Why do SqS messages sometimes remain in-flight on queue

I'm using Amazon SQS queues in a very simple way. Usually, messages are written and immediately visible and read. Occasionally, a message is written, and remains In-Flight(Not Visible) on the queue for several minutes. I can see it from the console. Receive-message-wait time is 0, and Default Visibility is 5 seconds. It will remain that way for several minutes, or until a new message gets written that somehow releases it. A few seconds delay is ok, but more than 60 seconds is not ok.

There a 8 reader threads that are long polling always, so its not that something is not trying to read it, they are.

Edit : To be clear, none of the consumer reads are returning any messages at all and it happens regardless of whether or not the console is open. In this scenario, only one message is involved, and it is just sitting in the queue invisible to the consumers.

Has anyone else seen this behavior and what I can do to improve it?

Here is the sdk for java I am using:

<dependency>
  <groupId>com.amazonaws</groupId>
  <artifactId>aws-java-sdk</artifactId>
  <version>1.5.2</version>
</dependency>     

Here is the code that does the reading (max=10,maxwait=0 startup config):

void read(MessageConsumer consumer) {

  List<Message> messages = read(max, maxWait);

  for (Message message : messages) {
    if (tryConsume(consumer, message)) {
      delete(message.getReceiptHandle());
    }
  }
}

private List<Message> read(int max, int maxWait) {

  AmazonSQS sqs = getClient();
  ReceiveMessageRequest rq = new ReceiveMessageRequest(queueUrl);
  rq.setMaxNumberOfMessages(max);
  rq.setWaitTimeSeconds(maxWait);
  List<Message> messages = sqs.receiveMessage(rq).getMessages();

  if (messages.size() > 0) {
    LOG.info("read {} messages from SQS queue",messages.size());
  }

  return messages;
}

The log line for "read .." never appears when this is happening, and its what causes me to go in with the console and see if the message is there or not, and it is.


It sounds like you are misinterpreting what you are seeing.

Messages "in flight" are not pending delivery, they're messages that have already been delivered but not further acted on by the consumer.

Messages are considered to be in flight if they have been sent to a client but have not yet been deleted or have not yet reached the end of their visibility window.

— https://docs.aws.amazon.com/AWSSimpleQueueService/latest/SQSDeveloperGuide/sqs-available-cloudwatch-metrics.html

When a consumer receives a message, it has to -- at some point -- either delete the message, or send a request to increase the timeout for that message; otherwise the message becomes visible again after the timeout expires. If a consumer fails to do one of these things, the message automatically becomes visible again.

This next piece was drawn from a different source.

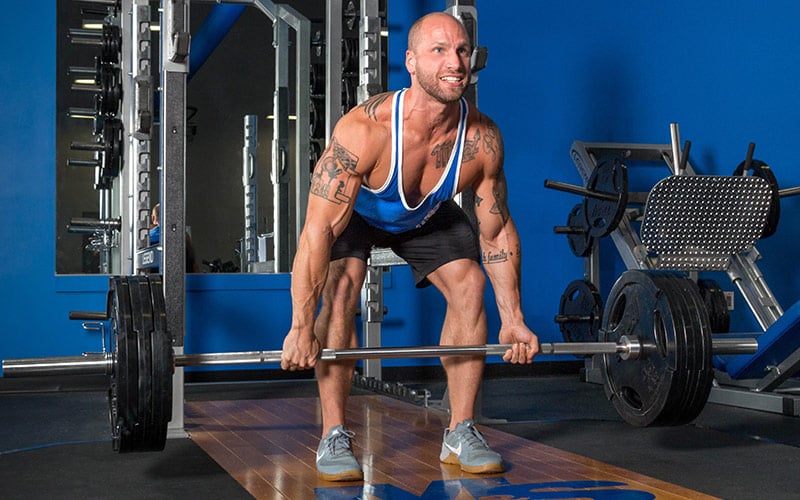 Deadlifting with a mix grip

The visibility timeout is how long the consumer has before one of these things must be done.

Messages should not be "in flight" without something having already received them -- but that "something" can include the console itself, as you'll note on the pop-up you see when you choose "View/Delete Messages" in the console (unless you already checked the "Don't show this again" checkbox):

Messages displayed in the console will not be available to other applications until the console stops polling for messages.

Messages displayed in the console are "in flight" while the console is observing the queue from the "View/Delete Messages" screen.

The part that does not make obvious sense is messages being in flight "for several minutes" if your default visibility timeout is only 5 seconds and nothing in your code is increasing that timeout... however... that could be explained almost perfectly by your consumers not properly disposing of the message, causing it to timeout and immediately be redelivered, giving the impression that a single instance of the message was remaining in-flight, when in fact, the message is briefly transitioning back to visible, only to be claimed almost immediately by another consumer, taking it back to in-flight again.


It may happen when you send or lock a message and within some seconds you try to get the fresh list of messages. Amazon SQS stores the data into multiple servers and in multiple data centers http://aws.amazon.com/sqs/faqs/#How_reliably_is_my_data_stored_in_Amazon_SQS.

To get rid of these issues you need to wait more so that queue would have more time to give appropriate results.